Congress, meanwhile, is considering legislation that would change how the federal courts are run, including some bills that have bipartisan support. Lawmakers have advanced a measure that would make opinions and other legal documents free online. Another bill would require federal judges to provide additional information about their financial investments.
That legislation, which has already passed the House, gained momentum this year after an investigation by the Wall Street Journal found more than 130 federal judges oversaw court cases involving companies in which they or their family owned stock. Roberts wrote in his annual report that judiciary officials were responding to the story by increasing training and reviewing software judges use to identify financial conflicts of interest.
“Let me be crystal clear: the judiciary takes this matter seriously,” Roberts wrote, adding that the “violations likely entailed unintentional oversights in which the judge’s conflict-checking procedures failed to reveal the financial conflict.”
Roberts’ response was unlikely to satisfy advocates who have called for significantly more transparency from federal judges, including members of the Supreme Court.

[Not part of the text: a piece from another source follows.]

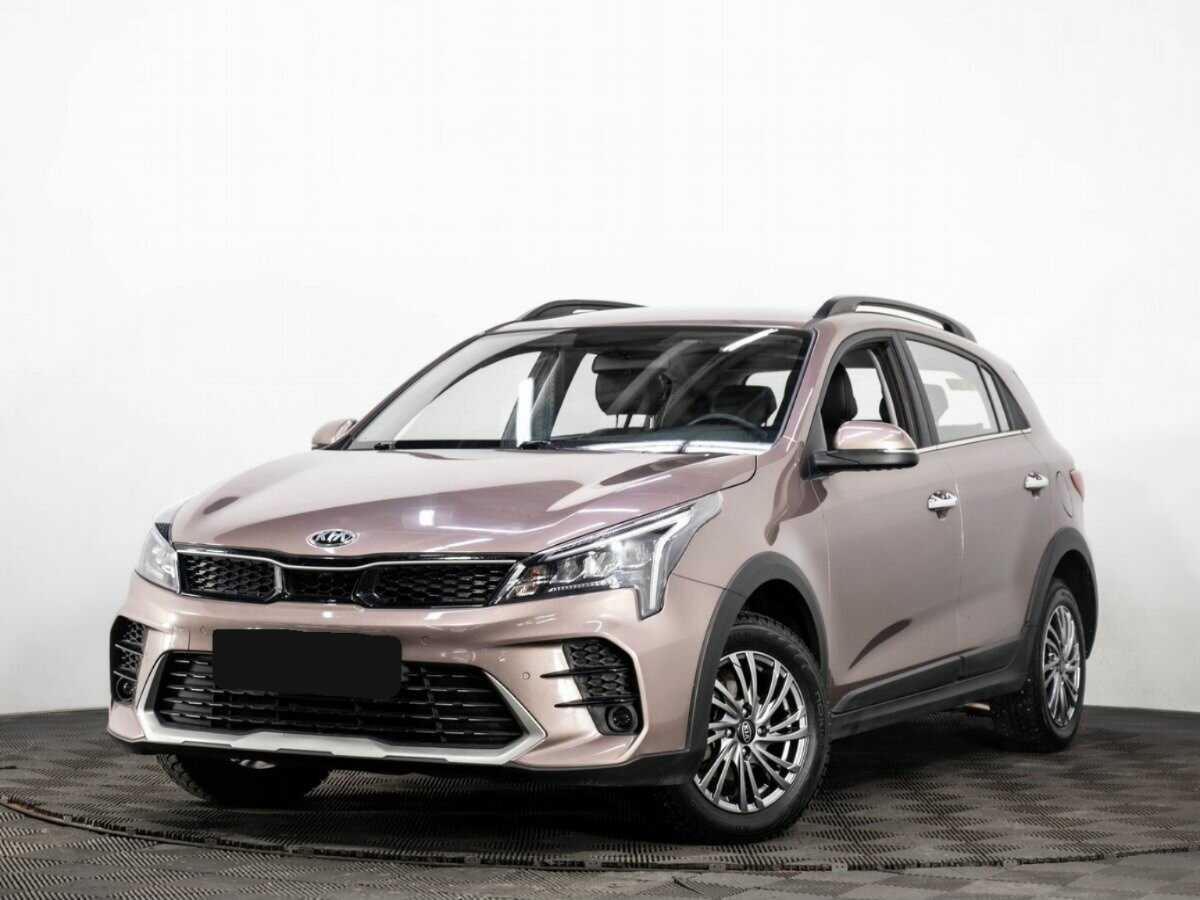 Kia Rio X, 2020 - 39 000 км. | Фото №1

“Chief Justice Roberts is taking a page from his old playbook: Acknowledging institutional deficiencies in the judiciary but telling the public that only we judges can fix them,” said Gabe Roth, executive director of Fix the Court, a nonpartisan group that has pushed for greater transparency and other changes to federal courts.

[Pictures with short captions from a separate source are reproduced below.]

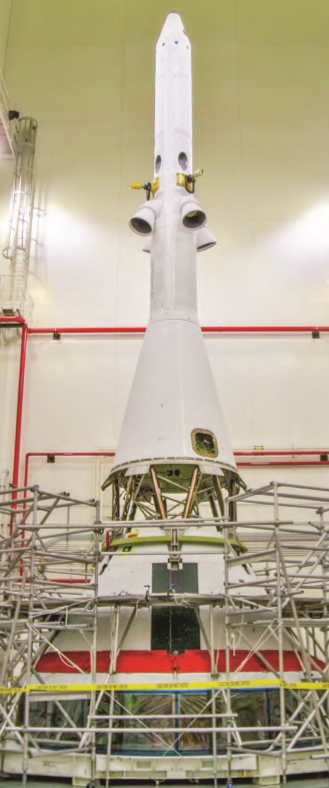 [Orion] Test d'extraction en vol (Ascent Abort-2 test) - 2.7.2019 Aa-210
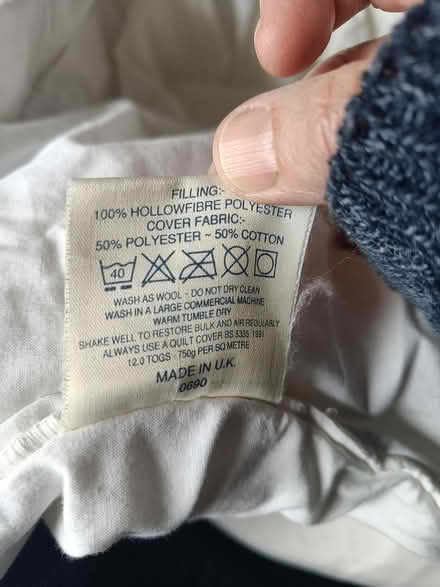 Photo of free Single duvet (East Finchley N2) #2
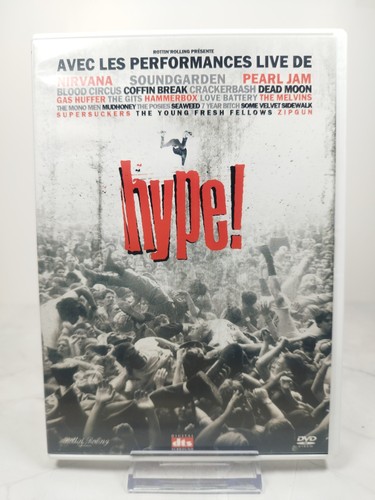 Dvd hype documentaire bon - vf,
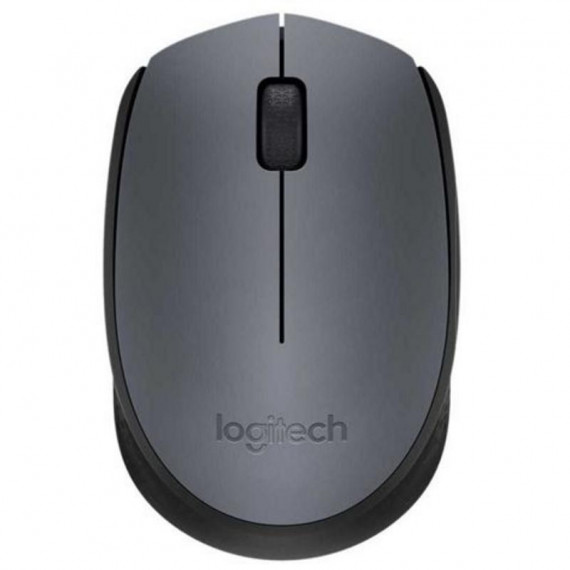 Ratón Inalámbrico LOGITECH M170 Negro/gris 2.4 Ghz con Nano Receptor USB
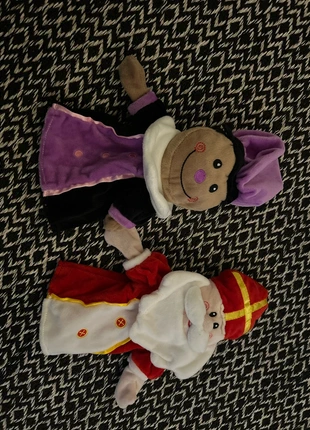 Sinterklaas handpoppen, estado: Muito bom, tamanho: 24-36 meses / 92 cm, €2.50, €3.33 inclui Proteção do Comprador
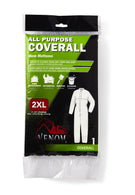 All-Purpose Coveralls, Size 2XL, Venom All Purpose - VENCV200XXL - 1 Bag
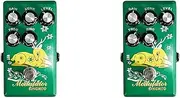 Binxind 2X Electric Guitar Effect Ringmod Multi Modulation Pedal Ring Modulator Effect Pedal,Guitar Pedal Accessories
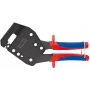 Knipex alicate de junta articulada L.250mm máx.1,2 (2x0,6)mm bainhas multicomponente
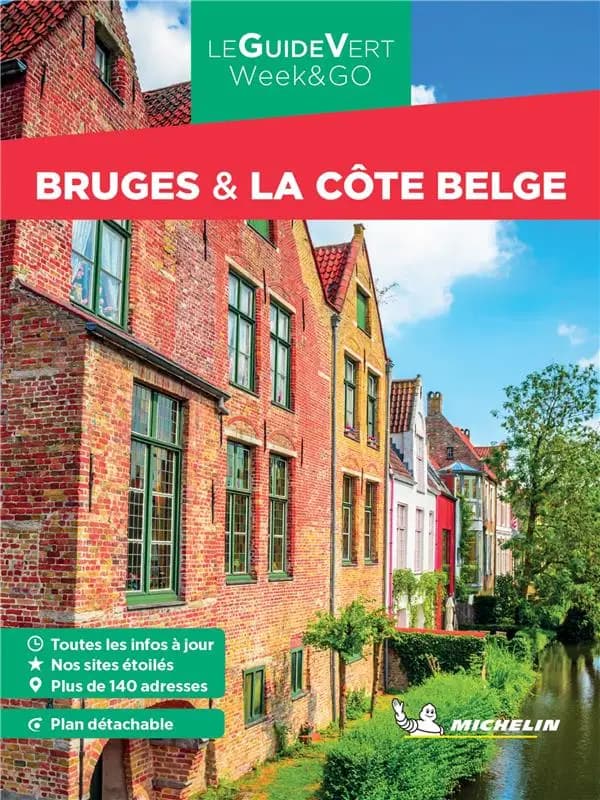 Bruges & la côte belge (Parution 2023) Michelin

“The problems of overlooked financial conflicts and sexual harassment are endemic and harm the public’s trust in our courts,” Roth said. “So Congress has every right to step in and, via legislation, hold the third branch to account, which I expect to happen in 2022.”
Roberts, who has tried to steer the court clear of partisan politics throughout much of his tenure, made no mention of criticism that has been lobbed directly at the Supreme Court for its handling of major controversies on its emergency docket – or “shadow docket” to the high court’s critics. That pushback grew this summer when the court allowed a Texas ban on most abortions after six weeks of pregnancy to remain in effect.

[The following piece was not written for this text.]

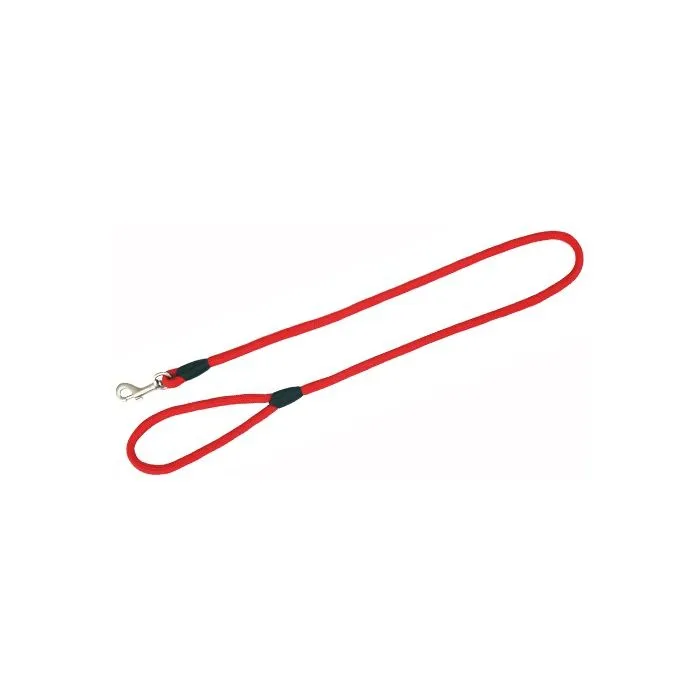 Freedog Nylon Round Leash Red - Повод за кучета, 13/120 см. - червен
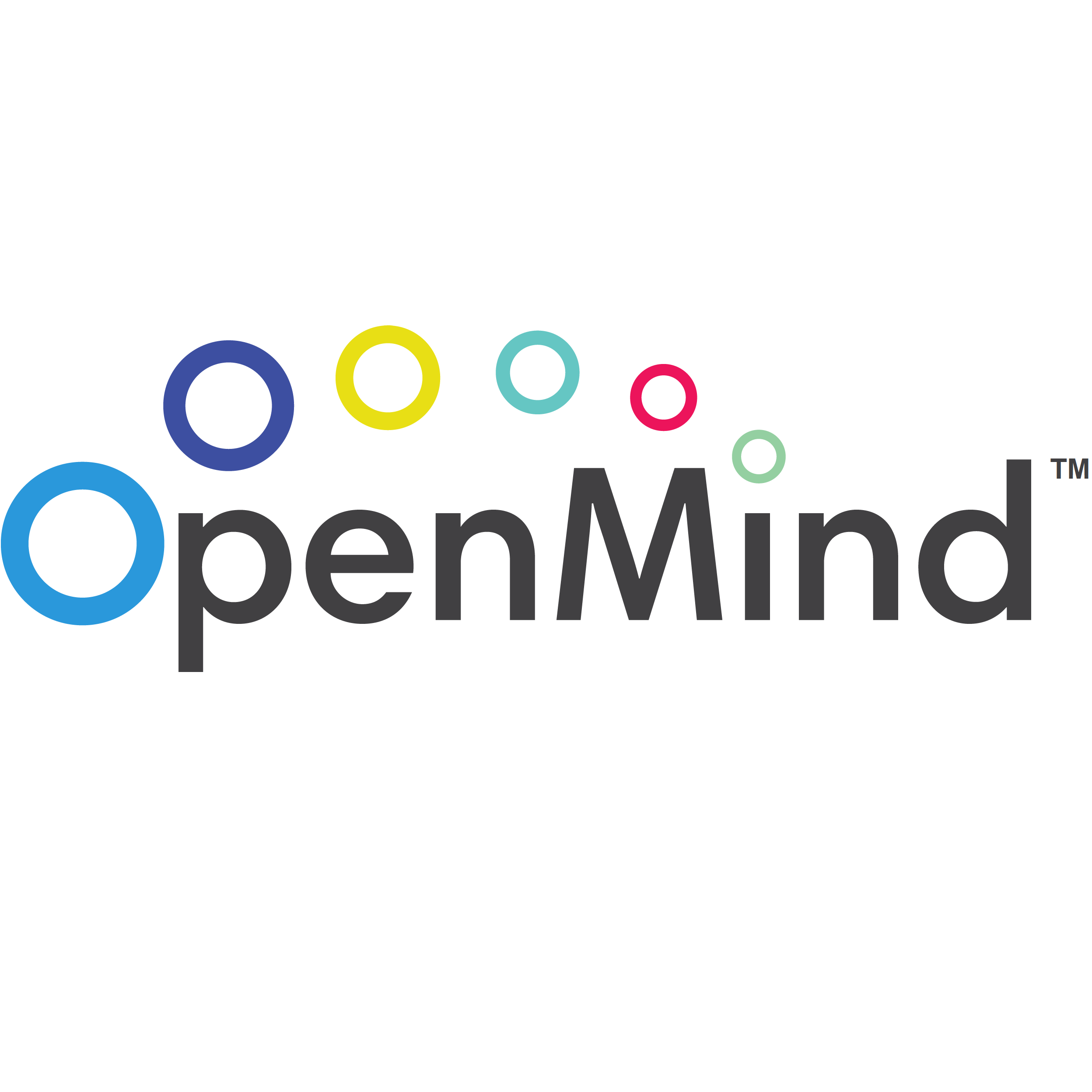 Openmind white background with tm added top layer square background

Without oral argument or signed opinions, the court also unwound Biden’s eviction moratorium, required the Biden administration to keep migrants seeking asylum in Mexico, and rebuffed a series of challenges to state vaccine mandates.
Since then, the court has sent signals it is prepared to respond to the criticism. Most recently, it took the unusual step of scheduling oral arguments for Jan. 7 in a high-profile emergency challenge to Biden’s federal COVID-19 vaccine-or-testing mandate. The court also held subsequent arguments over the Texas abortion ban and issued a signed opinion on Dec. 10 that once again allowed the law to remain in effect.
Roberts also used his annual report to discuss “inappropriate behavior in the judicial workplace.” Allegations of sexual harassment and discrimination within the federal court system have been amplified by a lawsuit brought by a former public defender from North Carolina that is pending in the Virginia-based U.S. Court of Appeals for the 4th Circuit.
Olivia Warren, a former law clerk to Judge Stephen Reinhardt of the U.S. Court of Appeals for the 9th Circuit, also drew attention to the issue when she told members of Congress in 2020 that she and other female clerks were routinely sexually harassed and that she was afraid to report it. Reinhardt died in 2018.
Congress is considering legislation to extend federal prohibitions on discrimination in the workplace to judicial employees who are currently not covered by those laws. Roberts wrote that he appreciated “that members of Congress have expressed ongoing concerns” and said judicial officials “remain fully engaged” in addressing the issue.
“The judiciary’s power to manage its internal affairs insulates courts from inappropriate political influence and is crucial to preserving public trust in its work as a separate and co-equal branch of government,” Roberts wrote.